I look in the mirror at the black and white checkered sash that wraps around my waist and falls down the back of my dress. My little ode to Colton and our private joke.

My phone dings. Already giving rules and we’re not even married yet? A certain wife just might need to be fucked into submission later. My rule number one: You can have any rule you want, baby, but in the bedroom I’m the one making the rules.

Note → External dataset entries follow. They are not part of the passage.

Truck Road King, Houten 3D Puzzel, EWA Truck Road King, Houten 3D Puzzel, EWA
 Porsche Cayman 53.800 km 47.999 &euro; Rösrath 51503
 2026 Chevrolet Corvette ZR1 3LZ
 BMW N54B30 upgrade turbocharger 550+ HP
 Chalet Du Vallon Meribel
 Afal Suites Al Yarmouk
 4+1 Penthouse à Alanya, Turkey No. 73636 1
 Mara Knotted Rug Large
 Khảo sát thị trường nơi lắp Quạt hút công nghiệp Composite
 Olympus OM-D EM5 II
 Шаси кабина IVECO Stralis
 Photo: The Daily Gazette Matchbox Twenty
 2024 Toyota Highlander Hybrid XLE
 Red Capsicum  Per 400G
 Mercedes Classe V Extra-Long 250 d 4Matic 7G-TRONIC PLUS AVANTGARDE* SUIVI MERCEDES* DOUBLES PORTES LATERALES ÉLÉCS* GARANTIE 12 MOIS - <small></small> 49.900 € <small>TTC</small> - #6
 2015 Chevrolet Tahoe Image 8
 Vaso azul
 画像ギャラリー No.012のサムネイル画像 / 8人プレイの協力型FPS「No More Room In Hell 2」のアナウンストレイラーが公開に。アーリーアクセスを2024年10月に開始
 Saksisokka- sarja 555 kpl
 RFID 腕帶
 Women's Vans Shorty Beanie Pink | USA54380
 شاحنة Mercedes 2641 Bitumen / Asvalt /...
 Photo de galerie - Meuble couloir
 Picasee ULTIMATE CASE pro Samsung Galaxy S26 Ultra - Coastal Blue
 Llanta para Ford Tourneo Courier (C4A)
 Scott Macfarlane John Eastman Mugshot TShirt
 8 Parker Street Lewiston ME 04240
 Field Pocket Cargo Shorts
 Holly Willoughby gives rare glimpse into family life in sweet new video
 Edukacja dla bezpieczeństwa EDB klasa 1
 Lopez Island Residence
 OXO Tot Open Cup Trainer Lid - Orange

I laugh, my body already strung so tight with need that I know his simple touch will set me off. I smirk, thinking of the checkered flag theme that’s carried over to my undergarments and the groan I’ll hear when Colton discovers it later. And I’m so desperate for that part, considering I’ve not let him touch me for the past month, regardless of how much he begged and pleaded. But when I decided to screw my own rules—give in to my own desire of wanting him to make love to him, he rejected me. “Welcome to the big leagues” his preferred comment of choice.

Ace, you already dominate my mind, heart, and soul … in the bedroom’s just an added bonus. Besides, since when do you follow rules?

I hit send as I breathe in deeply and smile at my reflection. Hair swept up with loose curls falling haphazardly, eyes bright and without doubt, so ready to walk down the aisle to the man I want to spend the rest of my life with. My gaze catches the glimmer of the wedding traditions I’m wearing. And I pick my phone back up.